OK, it really doesn’t matter if you call them crayfish, crawdads, crawfish, mudbugs or yabbies (Australia) what does matter is that they are basically all the same creature. Sure there are some size variations and certainly color variations…but the basics are the same…oh, and the smallmouths love them! Earlier this summer I was in Missouri and fishing the Niangua River in central Missouri. I had reached a deep portion of the river and had to navigate the depths by moving close to the brush and trees that lined this portion of the river. As I carefully moved past a giant Sycamore tree who’s roots were exposed to the river…I noticed a mass movement just under the water and atop the roots; there before me was not one crayfish, not a few crayfish, but hundreds of tan crayfish. It was a sight to behold and I extensively studied the bugs as I usually do, not just for their color, but size, shape and any other factor that would help me better tie a realistic crayfish fly pattern.

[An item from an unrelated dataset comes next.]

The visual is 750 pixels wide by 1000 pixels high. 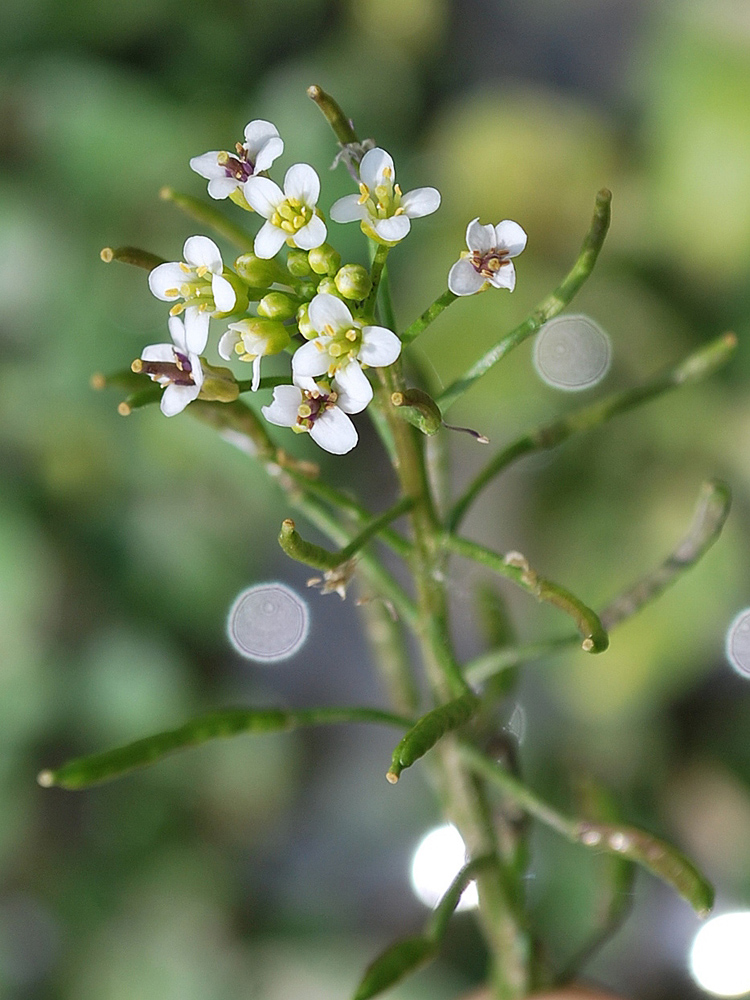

Crawdads are simply a steady and basic food element for a good many freshwater fish…especially for smallies, it just seems like a crawdad will fire them up more so than any other pattern.JDcreek8-11-13042 As it turns out I spend a good amount of time tying and perfecting my patterns so that they look anatomically correct but more important…so that they swim and catch fish like they should. Such was the case on Saturday night, August 10; I had watched a video and had yet another improvement for my creation…15 minutes later I finished up what I thought would look delectable.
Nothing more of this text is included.